The bank has added a new tool, targeted mid-term lending facilities, to its bag of monetary tricks after long using medium-term lending and standing lending facilities and other means. TMLFs seek to bail out to private firms by offering them funds with a longer valid term at lower cost.
Large commercial banks, joint-equity commercial banks and large city commercial banks that have greatly supported the real economy and conform to macro-prudential guidelines can apply for TMLFs from PBOC, the statement noted, adding such funds are valid for use within three years, with their current operating interest rate being 3.15 percent, 15 base points lower than that of an MLF.
The central bank has also resolved to again raise credit to CNY100 billion (USD14.5 billion) for relending and rediscounting based on the circumstances of small and medium-sized financial institutions that assist small and micro-sized firms and private companies via these two methods.
PBOC has raised the credit of relending and rediscounting twice this year, in June and October, in a total of CNY300 billion and small and medium-sized financial institutions are plying them quite well, the central bank said in reply to media questions.
It will hew to its sound and neutral monetary policy, strengthen conversion period rules, maintain reasonably adequate market liquidity and more precisely and effectively implement steering regulations, PBOC added.
The MLF that PBOC set up in September 2014 is a monetary tool the central bank wields in the interbank market. Commercial banks obtain funds at a relatively low interest rate for loans by pleding qualifying collateral (mainly treasury bonds, central bank bills and policy-based financial bonds) to PBOC.

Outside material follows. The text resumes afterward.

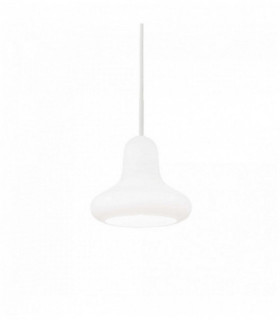 Weiße Pendelleuchte LIDO 1 Glühlampe Durchmesser 24 cm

The longest validity period of an MLF is one year, with the latest interest rate 3.3 percent, while that of TMLF's funds may stretch to three years. TMLF funds thus have a longer valid term and lower interest rate.
PBOC is encouraging and guiding financial institutions to expand the availability of credit and loans to targeted small, micro-sized firms and private companies by reducing the cost of bank loans, Wen Bin, chief analyst at China Minsheng Bank, explained to Yicai Global.
The central bank is also adding the credit from relending and rediscounting small and medium financial organizations use to support small, micro-sized firms and private companies, he noted.
Both help unblock the conduction mechanism of monetary policies, and deliver liquidity to vulnerable medium, small and micro-sized firms and private companies, he said.